Image super-resolution method based on pyramid fusion attention network

Technical Field

The invention belongs to the technical field of deep learning, computer vision and computer image processing, relates to single image super-resolution, and discloses an image super-resolution method based on a pyramid fusion attention network.

Background

Image Super-Resolution (SISR) has recently received much attention as one of the long-standing basic tasks in the field of computer vision. The task is to restore a Low Resolution image (LR) to a High Resolution image (HR) by a certain technical means, so as to obtain clearer image details. In a real scene, images with higher resolution cannot be directly obtained due to the influence of multiple aspects such as imaging equipment capacity, network bandwidth and storage cost. Therefore, reconstructing a high resolution image from a low resolution image is particularly important in these situations. The image super-resolution has very wide application prospect in multiple fields such as military affairs, medicine, security protection, satellite imaging, HDTV and the like, and has very important research value. However, the SISR task is highly ill-posed because of the existence of one-to-many mapping of the solution space from LR images to HR images.

In recent years, deep learning techniques have achieved an effect superior to conventional techniques in various fields.
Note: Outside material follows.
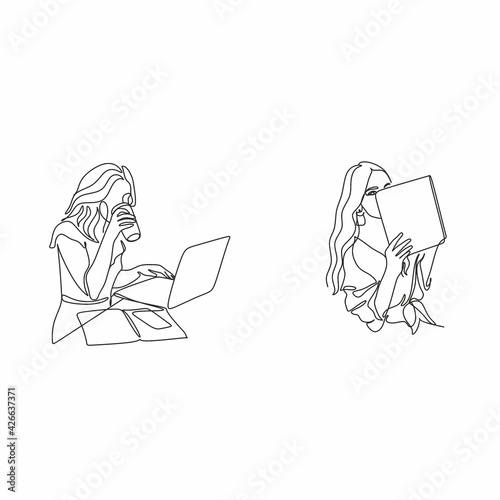 One continuous line drawing of young serious female worker sitting pensively while watching laptop screen at work desk. Business analyze concept. Single line draw graphic design vector illustration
Since AlexNet has made a great deal of splendid in the ImageNet competition in 2010, methods based on deep learning have found wide application in various fields of computer vision. The image super-resolution task is a long-existing underlying vision task in computer vision and is also deeply influenced by the underlying vision task. Dong et al first introduced a Convolutional Neural Network (CNN) into the field in 2015, and proposed a SRCNN. The model first upsamples the LR image to a corresponding scale and then maps the image to the HR image domain using a network built up by 3-layer convolution. Compared with the traditional algorithm, the SRCNN achieves better effect. Following this, CNN-based methods have been a long-standing development in this area.

To further improve the performance of the network, most models use an attention mechanism based on CNN. Attention mechanisms attempt to mimic the ability of the human visual system to capture information, thereby making the network more focused on salient region features while reducing the focus on extraneous features. The traditional attention mechanism is mainly based on two considerations: 1. the correlation is calculated along the channel domain, the weight of each channel is calculated, and the features in the channels are treated equally. 2. And calculating the correlation along the spatial domain, calculating the correlation for each pixel point in the channel, wherein the correlations of the same coordinate position in different channels are the same. On this basis, a number of attention mechanisms have been proposed.

Disclosure of Invention

The invention aims to solve the problems that: most of the existing attention mechanisms only focus on capturing the inherent feature correlation along a channel domain or a space domain, and treat the features in the corresponding dimension equally, so that the capability of the attention mechanism is hindered; the method has the advantages that a plurality of modules exist in the whole network architecture of image hyper-segmentation, the output of the intermediate modules is intermediate features, most of the existing methods cannot fully utilize the intermediate features, and the features have important significance for reconstructing spatial context details, so that the performance is relatively weak.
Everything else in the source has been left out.